Wednesday, September 2, 2015

Killer Lag.


My boys spend years online playing team warfare games with their friends.  Occasionally I’ll hear a screech emanate from the back room, “Lag. Lag! LAAAAAGGGG… oh no - Noooooooo!!!!!!  … (softly, bitterly) I’m dead.”  I look at my wife and we chuckle.  Ah, the innocence of youth, believing that screaming at the computer can improve its refresh rate.  “Lag” means that the normally fluid motion of your on-screen character has become suddenly halting and jerky, while the rest of the virtual world continues to stream by in real time, creating a strobe-light effect; the distant enemy you were lined up to snipe has, while you were frozen in place, suddenly jumped to three feet away. You might catch a glimpse of his K-Bar plunging toward your neck before lag strikes again and by the time your aging computer or dribbling internet catches up to real time your character is a lifeless, bleeding bundle of loser.  It’s a feeling of powerlessness during a high arousal state that makes you want to kick the wall, pull out your hair, and weep. It’s so infuriating there’s a meme circulating the internet claiming “Guns don’t kill people.  Lag kills people.”
                I was struck by this while editing a clinical skills checklist the other day.  The skill was oral suctioning, a routine, 15-second task wherein you grab a plastic wand called a Yankauer, turn on the suction machine, insert the wand in someone’s mouth to suck up excess saliva & whatnot, rinse out the wand & turn off the machine.  It’s as simple as vacuuming your windowsill.  This checklist broke it down into 39 steps, each step deeply researched and verified as “best practice” which means if you skip a step you obviously have no business caring for patients.  Seriously, skipped steps are what regulators drill down for when auditing charts and the punishments usually far outweigh the “crime”.  I imagined how this checklist would flow as an instructional video, maybe a 5-second clip for each step, and I chuckled when I realized what the finished video would look like: Lag.

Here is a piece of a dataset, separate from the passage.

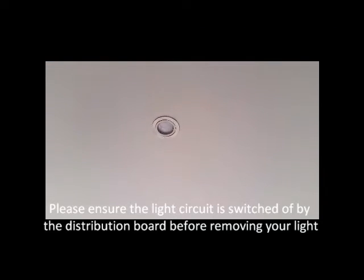Now that you've made the switch wire a constant live, make sure the circuit breaker is off before removing your light.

                I sobered quickly when I made the mental leap to patient care in general and I sucked in my breath when I realized this is why healthcare is so slow and providers want to kick the wall and pull out their hair – checklist-driven healthcare regulation and the fear of litigation is causing patient care lag!   Your 4-hour visit to the Emergency Department consists of 30 minutes of actual hands-on care and 3 ½ hours of doctors, nurses and imaging specialists slumped in front of a computer protecting themselves from censure and litigation by checking every box, dotting every i, crossing every t. With government-mandated EHR (electronic health records) - which consist entirely of checklists – for civilian medicine, this lag and its accompanying frustration is only going to get worse.  Time magazine this week includes an article on doctor burnout and suggests a solution might be talking out their frustrations with a trained counselor or spiritual mentor.  Would that work for my boys after an infuriating lag session, I wonder?  I can’t imagine it would, if they went right back into the virtual battlefield with the same slow processor.  What they require is not a sympathetic ear; it’s no lag.

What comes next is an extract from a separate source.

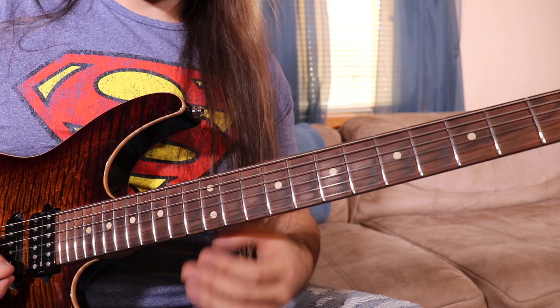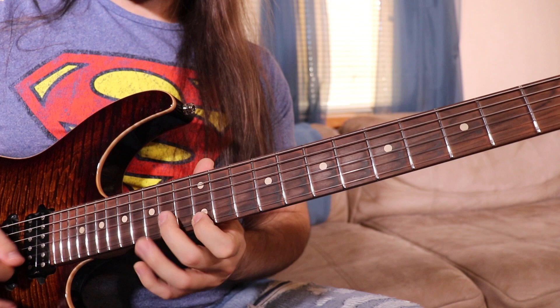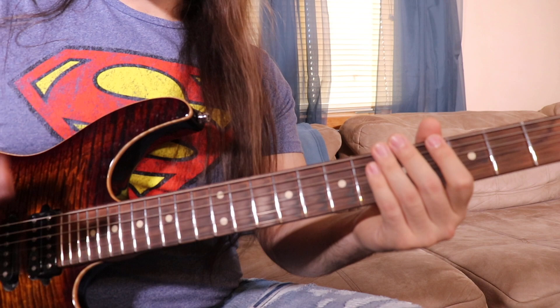So all I really did there was take an A major triad, a C sharp minor triad, and an E major triad, and I connected them like this.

  In my experience military medicine (I don’t know about the VA – I’ve never worked with them)  is much more fluid than civilian because they globally standardize their training, globally standardize their checklists, keep checklists to a minimum, trust their providers with broader scopes of practice, and - perhaps most crucially - give care without concern for lawsuits.  Without the crippling regulatory burden and the cross of “patient satisfaction” carried by civilian healthcare they’re remarkably more limber and dynamic when they engage with damaged humans.  Even they, however, could benefit from a technology upgrade.
We’ve already moved to voice-recognition software for doctor’s dictation, what if that was combined with motion-recognition (think Wii or XBOX Kinect) and instantaneous actionable feedback (think Laerdal’s HeartCode instructorless CPR class) for real-time virtual charting and skill verification?  Add “best practice” skill sets culled from millions of real life videos coalesced by informatics gurus to create one global motion-capture database and voila – no more need for human healthcare workers – everything can be done perfectly by robots, just like making cars or bottling beer!  Sigh.  Maybe one day.  I wonder, would patient satisfaction scores would improve?

Of course, we’d all be out of a job, but we wouldn’t be slaving under the sword of Damocles, so we’d have that going for us, which is nice.  Maybe I’d just hang out in my underwear and play video games all day on my virtual reality headset.  I’d be poor, so it would have to be an older model though, bought second-hand.  Nah.  Couldn’t do it. The lag would absolutely kill me.